**What you have to do:** An exact copy of the data is required. No picture may appear in it.

**Input data:**
_ _ _

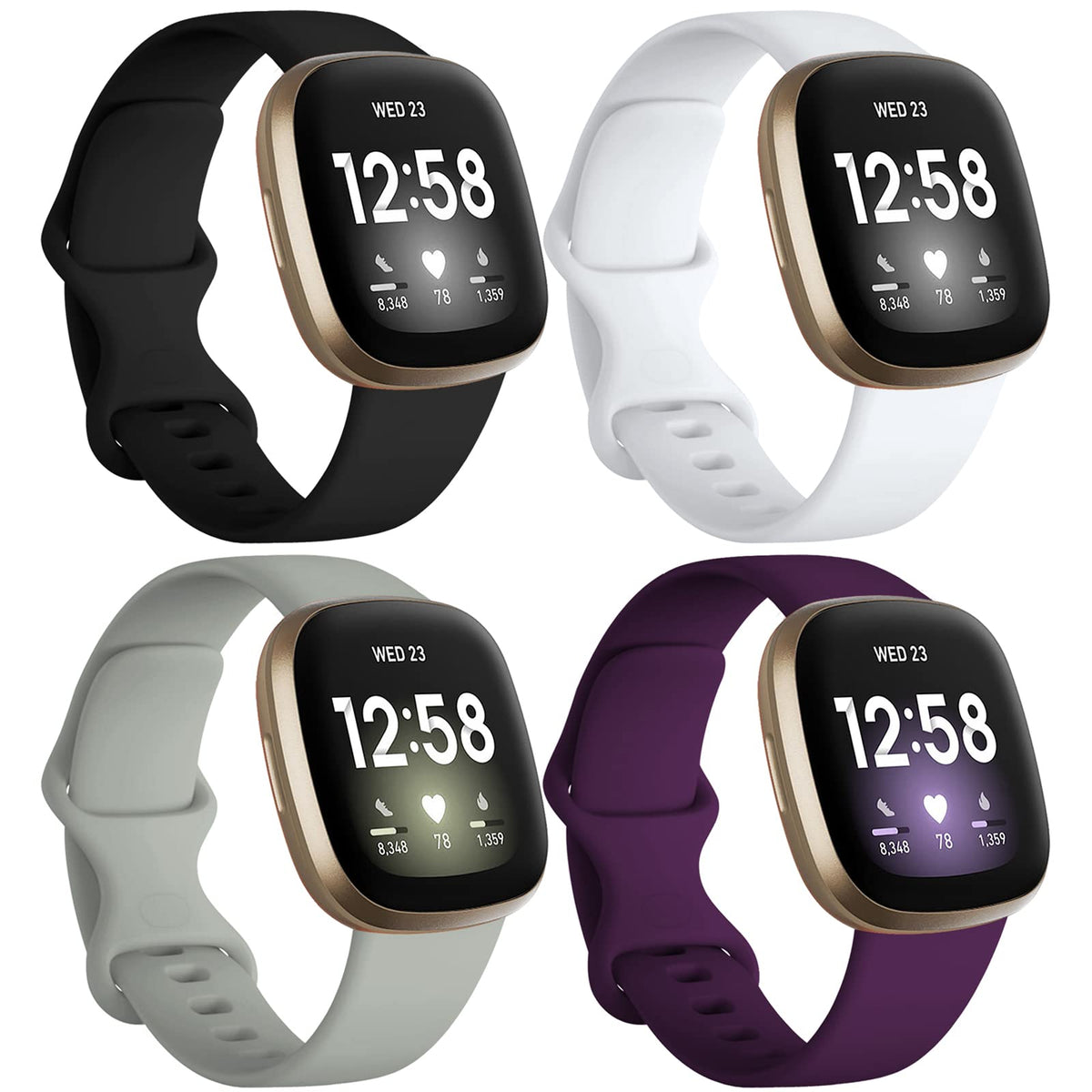 Dirrelo small black Versa band, secure all-day comfort for Versa wearers.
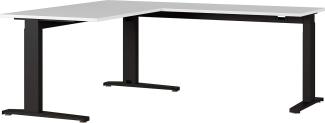 Amazon Marke - Movian höheneinstellbarer Winkelschreibtisch Arlington, für ergonomisches Arbeiten, ideal für Home Office, in Lichtgrau/Schwarz, 160 x 88 x 193 cm (BxHxT)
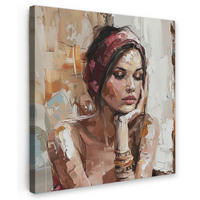 LEINWANDBILD Frau - Lackierung - Porträt - Modern 20x20 cm - Altrosa, Textil (20/20cm) - MuchoWow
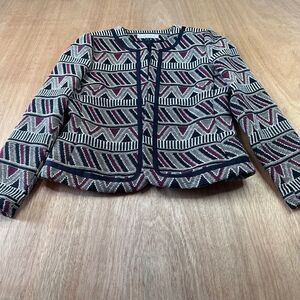 Tahari Arthur S Levine Cropped Geometric Woven Blazer Jacket Size 6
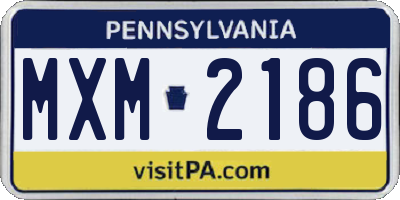 PA license plate MXM2186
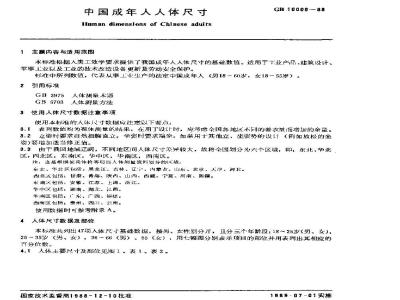 GB 10000-1988 中国成年人人体尺寸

_ _ _

**Reply:**
 Dirrelo small black Versa band, secure all-day comfort for Versa wearers.
 Amazon Marke - Movian höheneinstellbarer Winkelschreibtisch Arlington, für ergonomisches Arbeiten, ideal für Home Office, in Lichtgrau/Schwarz, 160 x 88 x 193 cm (BxHxT)
 LEINWANDBILD Frau - Lackierung - Porträt - Modern 20x20 cm - Altrosa, Textil (20/20cm) - MuchoWow
 Tahari Arthur S Levine Cropped Geometric Woven Blazer Jacket Size 6
 PA license plate MXM2186
 GB 10000-1988 中国成年人人体尺寸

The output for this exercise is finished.